Ce qui étonne lorsque l’on rencontre Riad Sattouf, c’est qu’il ait gardé sa grosse (c’est lui qui l’affirme) tête sur les épaules et qu’il soit resté aussi sympathique qu’abordable. «J’ai connu des années où personne ne s’intéressait à moi ou à mes livres», explique-t-il modestement. «Lorsque j’étais étudiant et que j’envoyais mes projets aux éditeurs, j’ai essuyé des dizaines de lettres de refus. C’est ce qui explique qu’aujourd’hui, malgré ma timidité, je suis toujours heureux de rencontrer des gens qui lisent et aiment ce que je fais».

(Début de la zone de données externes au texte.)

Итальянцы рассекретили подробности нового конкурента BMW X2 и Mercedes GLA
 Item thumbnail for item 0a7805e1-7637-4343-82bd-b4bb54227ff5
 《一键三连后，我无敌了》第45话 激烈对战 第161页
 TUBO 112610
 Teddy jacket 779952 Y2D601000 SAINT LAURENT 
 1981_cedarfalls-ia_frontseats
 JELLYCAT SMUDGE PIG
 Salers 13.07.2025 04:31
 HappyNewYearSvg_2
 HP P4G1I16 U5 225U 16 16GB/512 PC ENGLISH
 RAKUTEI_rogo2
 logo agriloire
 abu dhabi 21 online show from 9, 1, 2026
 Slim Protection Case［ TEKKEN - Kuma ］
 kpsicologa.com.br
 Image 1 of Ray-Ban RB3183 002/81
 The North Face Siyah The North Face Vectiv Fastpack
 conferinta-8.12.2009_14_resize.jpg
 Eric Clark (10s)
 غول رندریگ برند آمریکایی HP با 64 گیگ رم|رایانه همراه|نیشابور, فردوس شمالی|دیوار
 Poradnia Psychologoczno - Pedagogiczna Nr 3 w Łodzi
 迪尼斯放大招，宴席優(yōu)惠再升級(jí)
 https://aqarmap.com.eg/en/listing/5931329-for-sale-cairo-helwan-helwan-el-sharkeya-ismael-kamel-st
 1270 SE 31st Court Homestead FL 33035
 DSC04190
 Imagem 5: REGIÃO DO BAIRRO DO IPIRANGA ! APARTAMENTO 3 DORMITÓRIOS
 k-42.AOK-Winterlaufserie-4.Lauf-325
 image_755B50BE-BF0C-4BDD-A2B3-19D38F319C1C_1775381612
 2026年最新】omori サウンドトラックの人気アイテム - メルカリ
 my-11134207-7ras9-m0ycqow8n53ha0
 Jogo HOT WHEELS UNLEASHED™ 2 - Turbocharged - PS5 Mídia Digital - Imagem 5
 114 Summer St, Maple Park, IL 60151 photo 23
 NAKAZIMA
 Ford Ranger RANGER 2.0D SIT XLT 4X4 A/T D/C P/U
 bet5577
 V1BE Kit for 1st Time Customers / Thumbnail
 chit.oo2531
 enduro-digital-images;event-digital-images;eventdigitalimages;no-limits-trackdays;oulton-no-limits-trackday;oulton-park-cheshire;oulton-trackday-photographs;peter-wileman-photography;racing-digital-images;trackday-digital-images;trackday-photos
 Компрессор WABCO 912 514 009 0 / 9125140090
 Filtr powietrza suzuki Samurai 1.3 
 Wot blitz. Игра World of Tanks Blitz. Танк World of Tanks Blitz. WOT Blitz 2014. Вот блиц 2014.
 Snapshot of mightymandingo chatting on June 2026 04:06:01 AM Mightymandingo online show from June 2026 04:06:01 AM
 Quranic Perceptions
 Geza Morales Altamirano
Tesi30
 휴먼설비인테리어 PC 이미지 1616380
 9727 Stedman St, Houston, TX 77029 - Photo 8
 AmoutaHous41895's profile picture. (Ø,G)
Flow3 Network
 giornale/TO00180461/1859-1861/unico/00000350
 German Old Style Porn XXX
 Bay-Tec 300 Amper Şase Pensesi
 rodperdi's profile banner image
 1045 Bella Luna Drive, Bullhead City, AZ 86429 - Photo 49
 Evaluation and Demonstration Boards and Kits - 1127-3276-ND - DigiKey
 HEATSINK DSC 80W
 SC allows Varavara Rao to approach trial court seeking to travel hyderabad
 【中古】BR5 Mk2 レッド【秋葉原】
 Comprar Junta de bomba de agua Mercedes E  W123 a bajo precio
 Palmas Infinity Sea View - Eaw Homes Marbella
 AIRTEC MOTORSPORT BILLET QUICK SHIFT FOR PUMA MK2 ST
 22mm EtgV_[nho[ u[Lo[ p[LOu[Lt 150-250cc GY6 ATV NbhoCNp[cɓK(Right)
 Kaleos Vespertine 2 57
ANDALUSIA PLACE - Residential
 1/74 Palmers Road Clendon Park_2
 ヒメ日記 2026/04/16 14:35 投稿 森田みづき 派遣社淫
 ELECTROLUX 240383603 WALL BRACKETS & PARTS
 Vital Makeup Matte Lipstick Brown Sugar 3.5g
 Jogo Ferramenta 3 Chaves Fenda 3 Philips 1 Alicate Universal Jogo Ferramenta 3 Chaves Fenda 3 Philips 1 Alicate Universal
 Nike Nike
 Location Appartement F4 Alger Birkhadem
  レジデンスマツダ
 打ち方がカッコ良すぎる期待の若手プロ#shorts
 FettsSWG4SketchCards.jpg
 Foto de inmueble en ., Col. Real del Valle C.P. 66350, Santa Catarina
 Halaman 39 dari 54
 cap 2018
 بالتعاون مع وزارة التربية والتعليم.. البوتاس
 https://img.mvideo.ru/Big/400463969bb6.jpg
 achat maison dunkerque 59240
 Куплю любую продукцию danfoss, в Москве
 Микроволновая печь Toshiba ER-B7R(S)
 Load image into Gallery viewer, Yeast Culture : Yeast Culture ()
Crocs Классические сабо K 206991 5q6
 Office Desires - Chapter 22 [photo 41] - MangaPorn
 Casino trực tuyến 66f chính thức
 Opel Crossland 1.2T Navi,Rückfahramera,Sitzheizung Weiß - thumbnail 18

Le dessin a toujours été une sorte de béquille
«Le dessin, cela a toujours été une sorte de béquille qui m’a aidé à avoir des interactions sociales». Au vu du talent de Riad Sattouf, on serait presque jaloux de ce support qui permet aux infirmes d’avancer. «Très vite, j’ai compris que je pouvais impressionner, d’abord ma famille, qui me prenait pour un Picasso alors que mes dessins d’enfant n’avaient rien d’exceptionnel, puis les filles à l’école… Encore aujourd’hui, si je suis là», explique-t-il au public venu le rencontrer à Francfort en Allemagne, «c’est grâce à mes dessins».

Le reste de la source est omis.